2.5. Neonatal Profiles Associated with Gestational Consumption of Psychoactive Drugs and Exposure to Tobacco Smoke
Table 6 shows the neonatal characteristics at birth in relation to the maternal consumption of psychoactive drugs assessed by hair analysis.
Generally speaking, no significant differences were observed between newborns not exposed and exposed to maternal consumption of psychoactive drugs or to tobacco smoke. However, when considering specifically the single psychoactive substances, infants prenatally exposed to cannabis only were significantly heavier than all the others (3187.8 ± 633.5 vs. 3004.6 ± 560.7, t-Student p < 0.05) and than newborns not exposed to any illicit drugs (3187.8 ± 633.5 vs. 2969.1 ± 582.8, t-Student p < 0.05).
3. Discussion
Even if the effects of gestational consumption of psychoactive drugs on fetal development and pregnancy complications are widely known, the prevalence of licit and illicit psychoactive compounds consumption during pregnancy seems not to decrease in developed societies [1,2,5,6,7]. In this study, we demonstrated that also in a developing country, such as Mexico, the gestational consumption of licit and illicit psychoactive substances is not a negligible phenomenon. In addition, the results of this study confirmed that, as in previous studies, maternal interviews underestimate consumption, which can be objectively assessed by hair analysis [15,17,24].
Cannabis was the psychotropic drug mainly abused by this cohort of pregnant women, showing a prevalence of 15.0%, which rose to 23.0% when including cases positives for more than one drug. The other two most consumed illicit drug were methamphetamine, with a prevalence of 8.0% increasing to 17.0% when considering cases positives for more than one drug, and cocaine, with a 4.3% positivity rising to 9.0% when including cases positives for more than one drug.

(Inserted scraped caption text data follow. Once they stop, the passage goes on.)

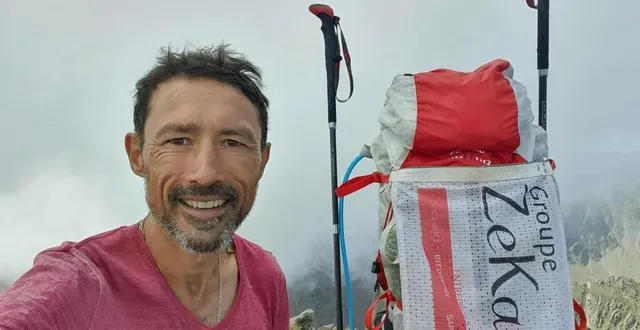photo pascal denoël fait flotter le drapeau aux couleurs de son entreprise zekat lors de chacune de ses expéditions. &copy; photo pascal denoël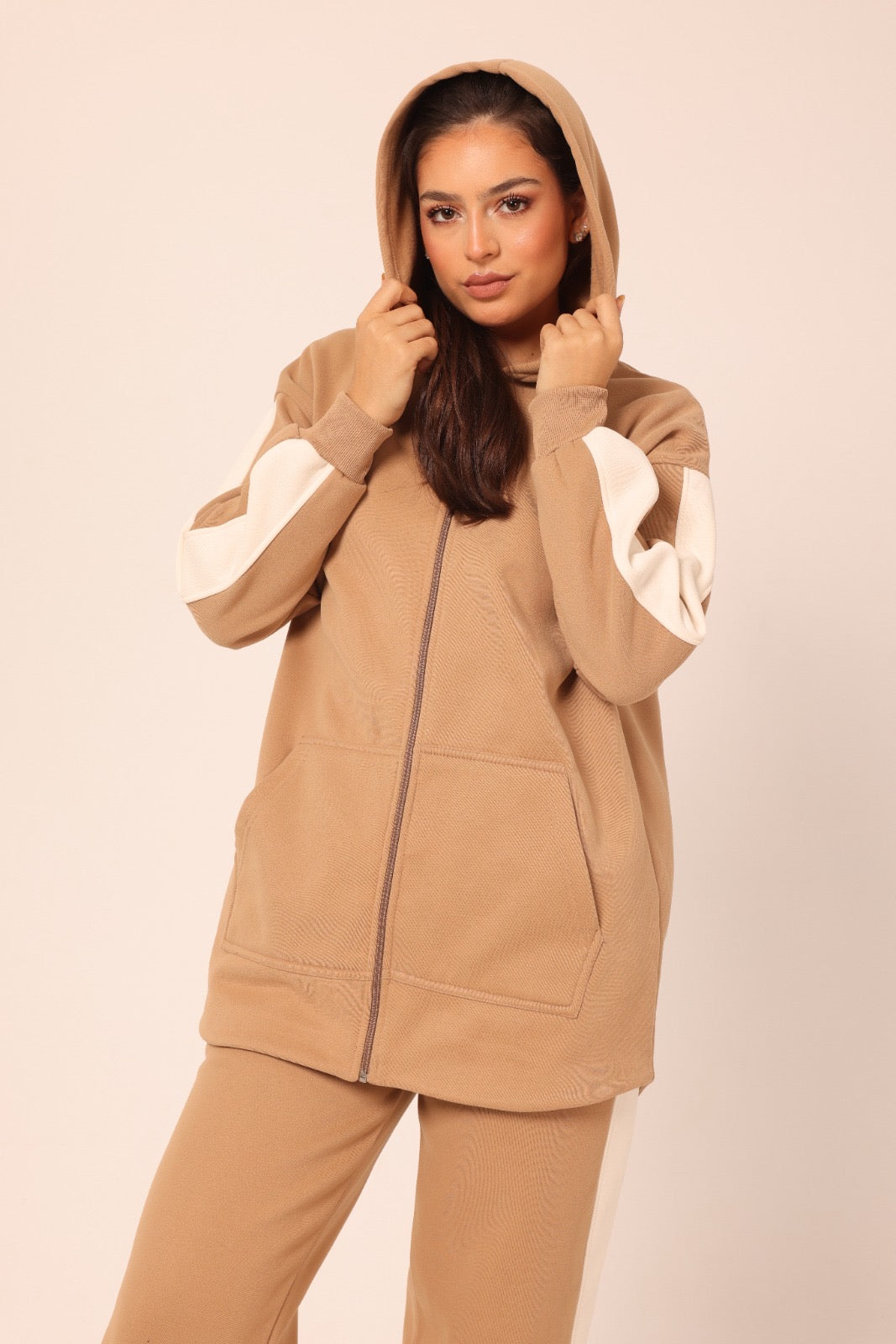 White Stripe Set | Cafe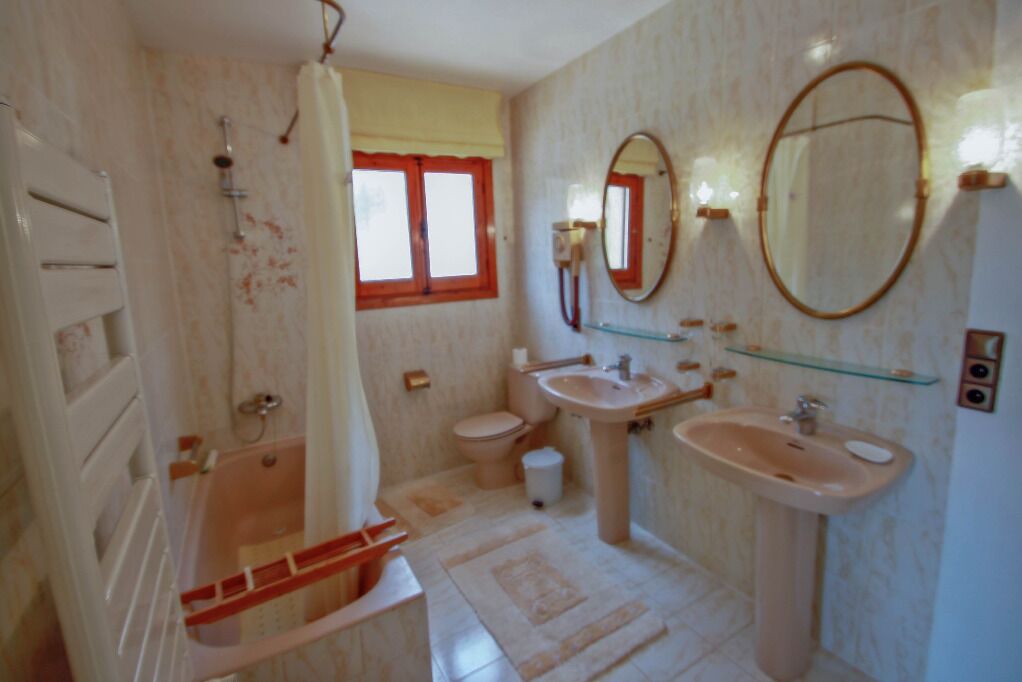 Photo of Bathroom in Benimeit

These results are in agreement with the prevalence of drugs of abuse consumption reported in the general Mexican population [28,29,30], which provides high reliability to our data. Indeed, since the 1990s, there has been a significant increase in the illicit use of drugs in Mexico, with cannabis and cocaine being the substances most often used, followed by amphetamine-type drugs (the most common being methylenedioxymethamphetamine). Actually, methamphetamine use has also become a major public health concern in Mexico as a consequence of the country’s growing role as a major producer of this substance [28,29,31].
Data from the most recent Mexican report on the consumption of psychoactive drugs [30] confirm that the substances whose consumption causes the greatest demand for treatment are amphetamine-type stimulants, such as amphetamine, methamphetamines, ecstasy, or stimulants for medical use, with a total of 30.2% of the total cases, followed by marijuana, with 15.1% of the total cases.
The report also highlighted a significant increase in cases of fentanyl use, and even if several Latin countries, including Mexico, have reported the identification of NPS such as synthetic cathinones and synthetic cannabinoids in patients with local seizures, information on their prevalence of use has not been available up to now [31]. Our results showed a prevalence of fentanyl and other NPS of 2.3%, which rose to 3.7% when comprising cases positives for more than one drug. It has to be said that, in this study, it was decided to consider fentanyl as an NPS and, more specifically, as a new synthetic opioid, whose recreational use in place of heroin has recently been exponentially increasing [31].
Although Mexico is rich in psychoactive plants (Peyote, Psilocybin mushrooms, Salvia divinorum, Psychotria viridis, etc.) only one sample was found positive for the psychedelic N,N-dimethyltryptamine.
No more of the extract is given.